Stories about the border don’t fall in a straight line
A map of the United States-Mexico border shows a straight line with an irregular piece of land which appears to be Mexico extending into America. Can you explain that?
Is it an irregular piece of Mexico extending into the United States or is it an irregular piece of the United States extending into Mexico?
I guess it depends on how you look at it.
Popular history says that when the border was being measured out the surveyors, heading from east to west, got to Nogales and realized the closest bar was in Yuma so they set out in a beeline towards there.
It’s a good story, which is why it is popular history, but that’s not quite the way it worked out.
After the Mexican-American War in 1848, the U.S. took over a huge territory, including parts of what are now New Mexico, Arizona, California, Colorado, Utah and Nevada, plus U.S. claims to Texas.

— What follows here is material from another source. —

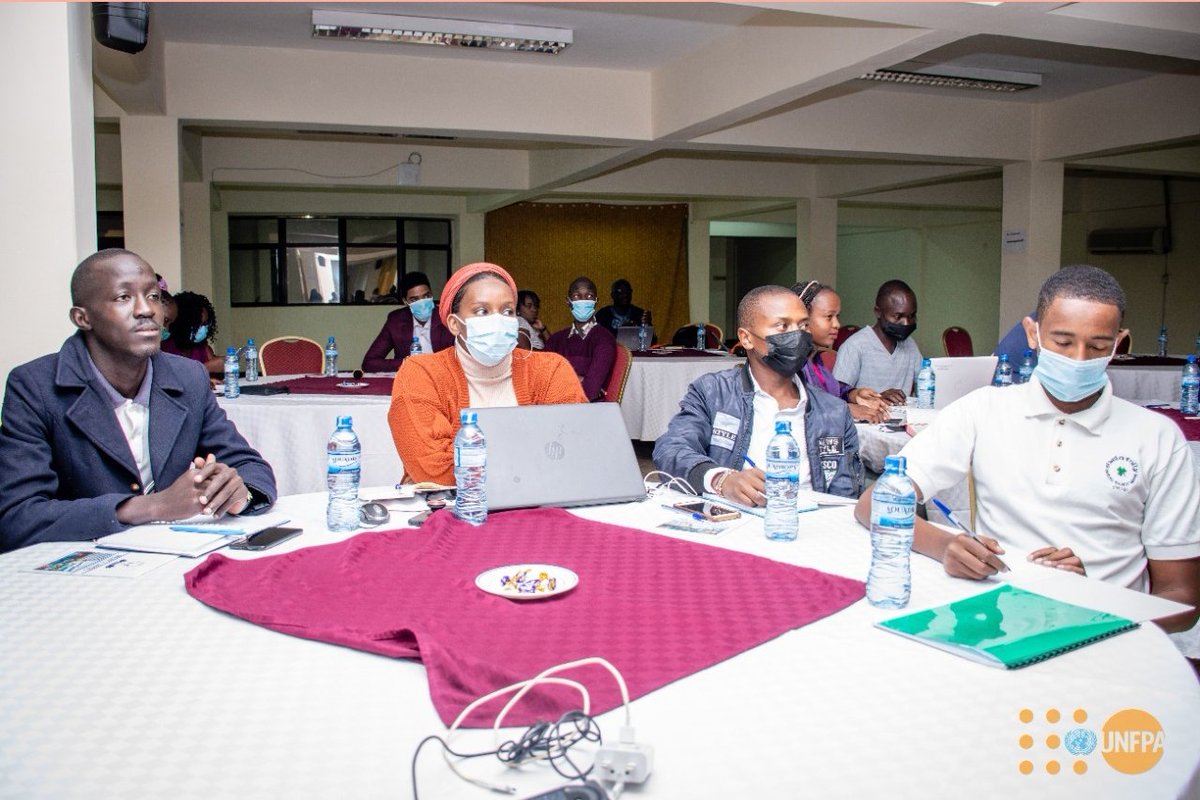 PanelUnfpa's tweet photo. Youth be the voice &amp;  ears for those other youths across Kenya. @OlajideDemola #NewUNFPAYAPChapter . During New Youth Advisory Panel  orientation meeting. 
@UNFPAKen https://t.co/1ZxZO06QdO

That agreement set the southern border of Arizona at the Gila River. That, however, wasn’t enough for some interests in the United States. So James Gadsden, the U.S. ambassador to Mexico, negotiated the purchase of 45,535 square miles of what is now southern bits of Arizona and New Mexico for $10 million.
Southern politicians wanted to buy a much larger piece of land from Mexico with access to a seaport at the head of the Gulf of California while the North wanted just enough land for a southern railroad route.
For its part Mexico wanted to hold on to its land route to Baja California, fearing that if it didn’t the Americans in California would just move in and take it over.
Eventually, the Northern interests prevailed and instead of buying up the head of the Gulf of California and all that other land, we got Yuma.